Flowers: A Warp Drive for Neural PDE Solvers

Muser, Till; Spitzer, Alexandra; Lassas, Matti; de Hoop, Maarten V.; Dokmanić, Ivan

Till Muser¹, Alexandra Spitzer¹, Matti Lassas², Maarten V. de Hoop³, Ivan Dokmanić¹

¹University of Basel ²University of Helsinki ³Rice University

TL;DR

We propose a neural PDE solver built entirely from learned coordinate warps: no Fourier layers, no attention, (almost) no convolutions. Our compact 17M-parameter model consistently outperforms Fourier, convolutional, and attention-based baselines across all 16 tested benchmarks from The Well and PDEBench. Scaled to 150M parameters, it outperforms Poseidon-L (628M parameters, pretrained) on compressible Euler, training from scratch with 4× fewer parameters.

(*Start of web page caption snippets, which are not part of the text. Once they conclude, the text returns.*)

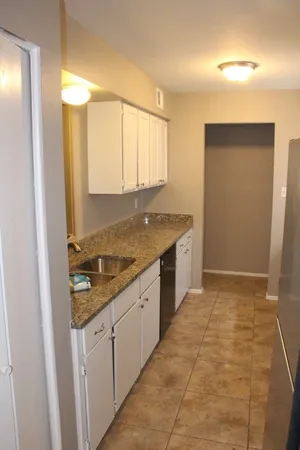 $1,900 | 1604 Summer Creek Court, Unit A, Austin, TX 78704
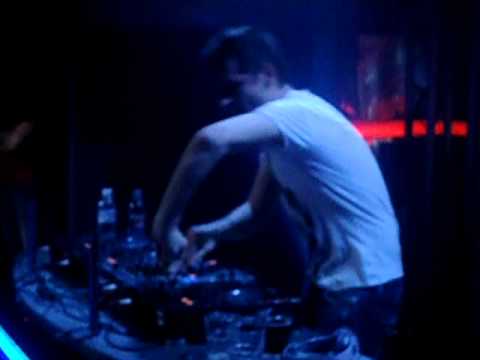 Bobina @ Forsage Kiev 16.09.2011 Ракурс 4 клип №2 .AVI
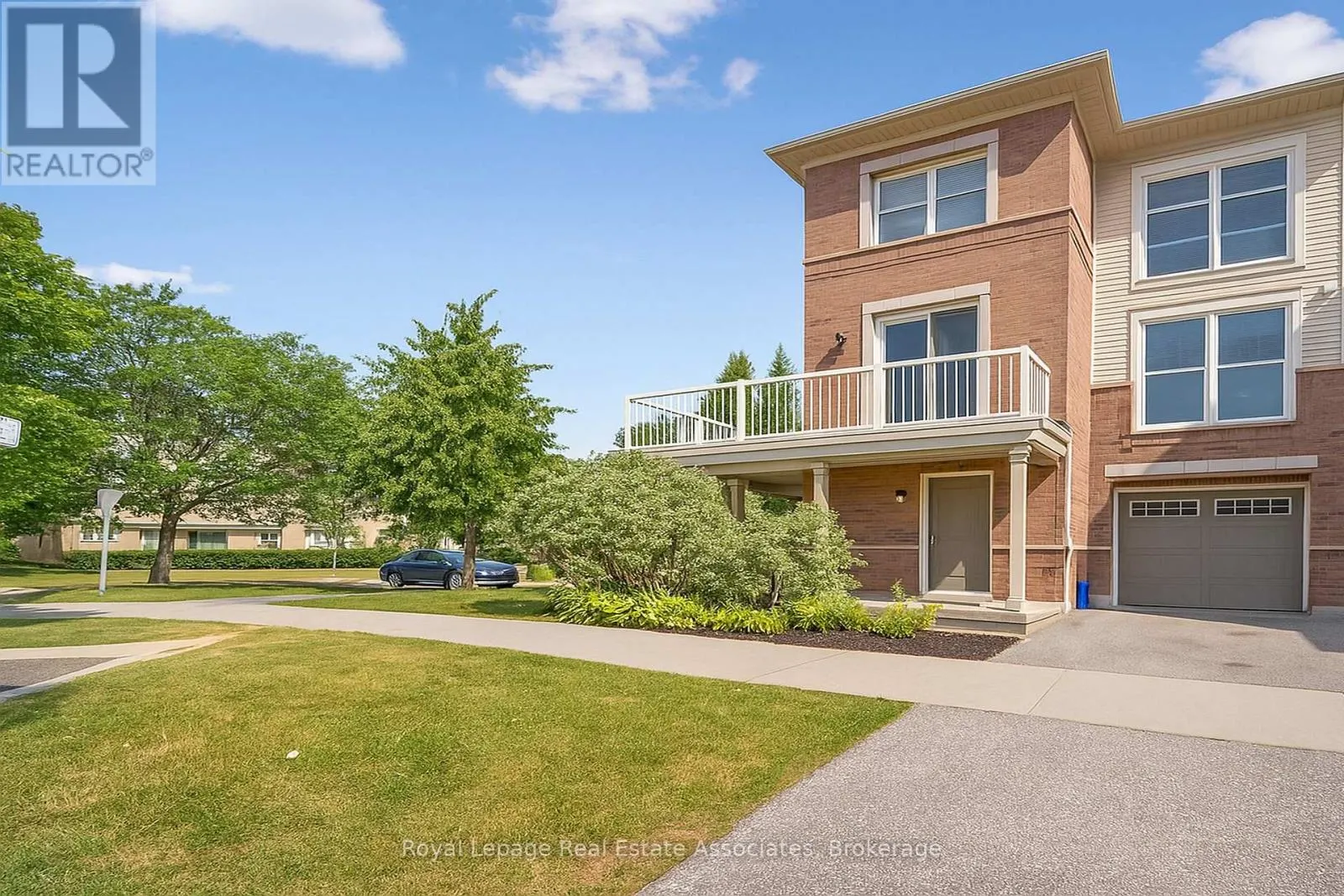 71 - 165 HAMPSHIRE WAY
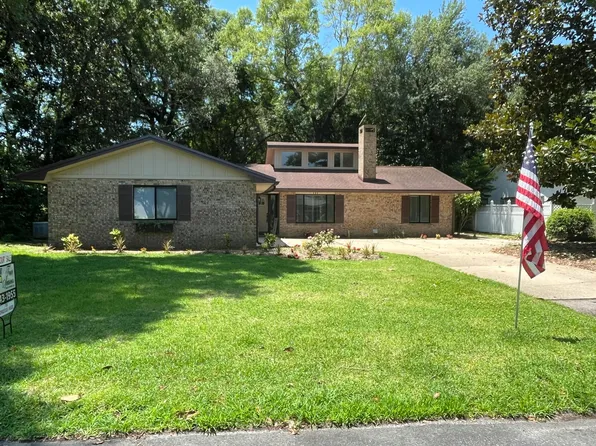 605 Sailboat Dr, Niceville, FL 32578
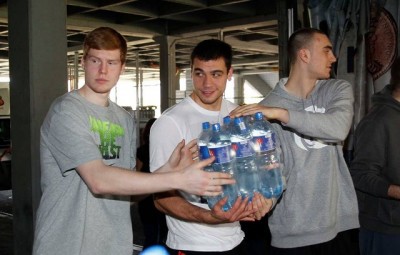 Humanost crno-belih: Košarkaši Partizana istovarili kamion vode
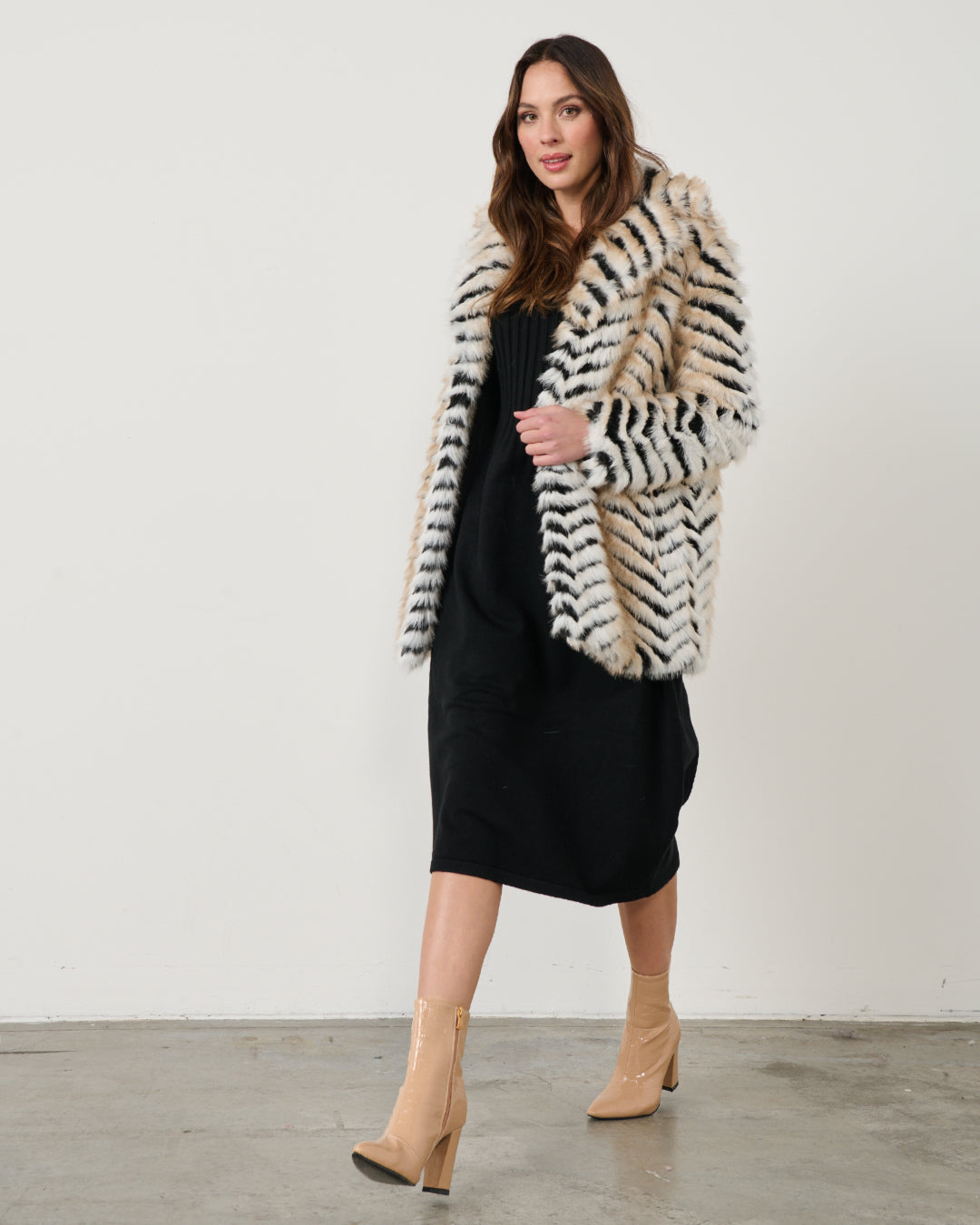 
                  
                    CZ968 Luxurious Chevron Coat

move cursor · reveal warp heads

Visualizing Flowers: To predict the next state of a PDE governed by conservation laws, we must look "upstream" in the flow and move the quantity from there to the point of interest. We propose a model that explicitly performs this action. Hover to reveal learned warp directions for the first layer, aggregated into 6 k-means clusters for visualization. Each arrow points from a grid location to where the model looks to fetch a value.

#Abstract

We introduce Flowers, a neural architecture for learning PDE solution operators built entirely from multihead warps. Aside from pointwise channel mixing and a multiscale scaffold, Flowers use no Fourier multipliers, no dot-product attention, and no convolutional mixing. Each head predicts a displacement field and warps the mixed input features. Motivated by physics and computational efficiency, displacements are predicted pointwise, without any spatial aggregation, and nonlocality enters only through sparse sampling at source coordinates, one per head. Stacking warps in multiscale residual blocks yields Flowers, which implement adaptive, global interactions at linear cost.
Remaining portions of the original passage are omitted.